Sounds like they would achieve this by making people 'pre-sick' by having their immune system in a sustained inflammatory state, for a while. This points to both an inability to keep it going, and likely not a very pleasant experience for the relatively short while it is effective. You'd have to know within a few days when you are *going* to get exposed to a virus..

Practically speaking, any pandemic will be bouncing around long enough for this likely to be unsafe to keep going. Even if you did ship out doses, the inconsistency of usage will prevent you from squashing it in a short order.

Comment Re: It was always BS (Score 1) 209

I remember before COVID, I had this manager that would for whatever reason or another hold an hour long meeting most days.

Now it was pretty much universally a waste of time like many meetings, but at least usually I sit on my laptop doing real work even as I'm in the conference room. Not ideal, but workable. However with this manager, the first sentence in every meeting was "ok everyone, laptops closed, phones in pockets". The manager felt it a sign of unforgivable disrespect to look at any screen while the manager talked about whatever stupid thing they were thinking that day.

At least COVID does seem to have killed off conference room meetings for me, even if I'm in the office sometime.

Comment For the sake of my job... (Score 2) 84

I am signed up for my employer's 'optional' AI subscriptions and have even enabled it so they can see that my environment is touching the LLM.

However, the more I tried to use it, the less confident I have become in it being a particularly good help.So I get the suggestions and make my employer thing I'm a good little LLM user, but pretty much discard the suggestions. For some very very boilerplate stuff, it can help, but even for tasks today that I thought "oh, this is boilerplate, the LLM can whip this up no problem", it totally botched it.

So while the hiring managers say "we need LLM use by our employees because they are more productive", they end up getting lied to by those of use that are told you'll be laid off if you aren't using LLM. The fact that they can't tell except by taking our word for it speaks volumes to me..

Comment Re:"Most still use older Python versions " (Score 4, Informative) 84

Speaking as someone who works with a large python codebase and everyone prepares for the annoyance of migrating when we decide to support another python release, it's kind of the opposite.

Every python release breaks backwards compatibility in a few ways. This is why people run old versions, this is why a number of pypi modules get abandoned as python revs.

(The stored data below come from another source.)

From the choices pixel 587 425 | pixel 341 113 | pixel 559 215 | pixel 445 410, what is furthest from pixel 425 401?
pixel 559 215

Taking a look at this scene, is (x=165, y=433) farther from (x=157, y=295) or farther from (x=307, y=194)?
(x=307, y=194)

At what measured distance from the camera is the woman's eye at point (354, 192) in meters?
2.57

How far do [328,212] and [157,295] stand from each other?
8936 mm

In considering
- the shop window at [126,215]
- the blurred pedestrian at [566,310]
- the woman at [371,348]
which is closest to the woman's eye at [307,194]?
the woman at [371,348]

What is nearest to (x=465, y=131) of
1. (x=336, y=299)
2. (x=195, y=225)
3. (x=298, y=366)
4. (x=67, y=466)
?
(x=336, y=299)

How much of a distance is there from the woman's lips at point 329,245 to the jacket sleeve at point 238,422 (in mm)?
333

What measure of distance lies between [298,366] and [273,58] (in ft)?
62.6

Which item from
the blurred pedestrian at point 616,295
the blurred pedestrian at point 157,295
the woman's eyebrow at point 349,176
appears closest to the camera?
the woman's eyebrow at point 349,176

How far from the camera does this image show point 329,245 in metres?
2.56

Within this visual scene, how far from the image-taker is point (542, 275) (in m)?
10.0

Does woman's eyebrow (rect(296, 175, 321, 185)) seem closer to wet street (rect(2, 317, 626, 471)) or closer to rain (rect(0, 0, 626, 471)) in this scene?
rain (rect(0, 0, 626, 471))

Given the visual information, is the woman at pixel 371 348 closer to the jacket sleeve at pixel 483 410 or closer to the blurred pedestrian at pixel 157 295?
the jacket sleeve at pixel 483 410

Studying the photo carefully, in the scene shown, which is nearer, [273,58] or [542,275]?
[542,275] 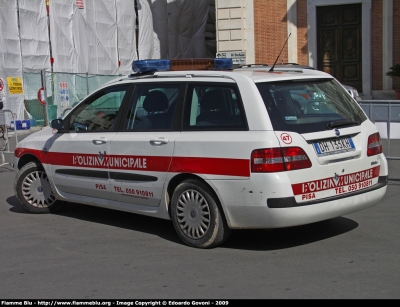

There's broad agreement in the organization over time that python was ultimately not the best choice. It might have been pretty good, if not for the core and ecosystem changing things and driving a non-trivial amount of our effort to just be on a treadmill.

Particularly aggravating because we have users demanding python 3.6, 3.9, 3.12, 3.13, all at the same time so we have to curate things with a broad level of compatibility. It took *forever* before the users stopped demanding python 2.7.

Comment A few things... (Score 3, Interesting) 44

Yes you have that report, you have another about how terribly overvalued Palantir is, and you have the general reaction to GPT-5, which was amazingly underwhelming.

Lots of signs that the 'march to AGI' actually isn't going to get more fundamentally capable than we've managed so far without some sort of unpredictable breakthrough that can't just be guaranteed through more funding. Still lots of area for LLMs to be more useful as they are already, but that's not what the investors were betting on.

Comment Re:GPU (Score 5, Informative) 44

'GPU' is whatever nVidia wants it to be and however many of whatever type of compute element they want can be in a 'GPU'. Unlike the crypto boom, where nVidia didn't really embrace it and largely got left behind, nVidia has fully embraced their AI role and so long as the market will reward it, they are all in on whatever makes a 'GPU' competitive for the solution. In some fields the high end Blackwell GPUs actually represented a retreat in performance, largely owing to the architecture catering to AI sensibilities.